Our model has been trained on the entire dataset, so we can evaluate the performance of the network on the same dataset. This will only give us an idea of how well we have modeled the dataset (e.g. train accuracy), but no idea of how well the algorithm might perform on new data.

The model can be evalueted usning evaluation() function on your model and pass it the same input and output used to train the model. This will generate a prediction for each input and output pair and collect scores, including the average loss and any metrics you have configured, such as accuracy.

# evaluate the model
scores = model.evaluate(X, Y)

# print accuracy
print("\n%s: %.2f%%" % (model.metrics_names[1], scores[1]*100))

Since this is still introductionary example same data has been used for traning and evaluation, but in in future we will separate data into train and test datasets for the training and evaluation of your model.

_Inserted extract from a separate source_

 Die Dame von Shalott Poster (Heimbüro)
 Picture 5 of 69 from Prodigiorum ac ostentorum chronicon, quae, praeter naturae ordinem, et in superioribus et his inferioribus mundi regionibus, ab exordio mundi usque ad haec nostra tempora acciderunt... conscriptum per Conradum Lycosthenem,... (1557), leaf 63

The whole process can be executed with command:

# from ./mlp
python mlp.py

By running above command, you should see a message for each of the 100 epochs, printing the loss and accuracy for each, followed by the final evaluation of the trained model on the training dataset.

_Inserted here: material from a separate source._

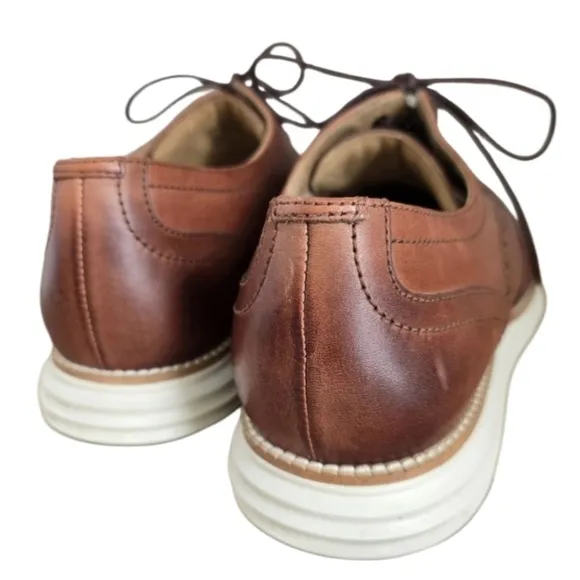 COLE HAAN Grand Wingtip Mens Dress Shoes 11M Brown Lace Up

After 100 epochs we reached accuracy of the approx 86%.

Epoch 98/100
10000/10000 [==============================] - 5s 454us/step - loss: 0.3351 - acc: 0.8628
Epoch 99/100
10000/10000 [==============================] - 3s 345us/step - loss: 0.3345 - acc: 0.8614
Epoch 100/100
10000/10000 [==============================] - 3s 324us/step - loss: 0.3341 - acc: 0.8634

So we have implemented network which solves real problem of predicting will concrete customer leave or stay in the bank.

Experiment

Try to change network with adding more layers, play with number of nodes(do not change size of the input and output nodes), change optimizers e.g. adam, rsmprop, sgd., change number of epochs. After every change run command:

# from ./mlp
python mlp.py

and check the results.

Summary

As you can see, during a process of finding appropriate neural network for specific problem, we need to make a lot of decision and continuously repeat following steps:

Idea -> Code -> Experiment Idea -> Code -> Experiment Idea -> Code -> Experiment

During mentioned process, we also need to make lot of decision, like:

choose variables from dataset(feature engineering)
define architecture of the neural network
define number of layers
define number of neurons in each layer
decide on activation function for each layer
choose optimization algorithm
choose loss function
split dataset into training/test/validation sets
define batch_size
define number of epochs
keep a track of the accuracy and loss during training phase
evaluate the model
save/load a model

In a next chapter we will show you how Keras helps us in order to easily implement mentioned steps.

Deep Learning Models

Keras Models

Idea behined Keras is to be user friendly, modular, easy to extend.
The API is designed for human beings, not machines, and follows best practices for reducing cognitive load.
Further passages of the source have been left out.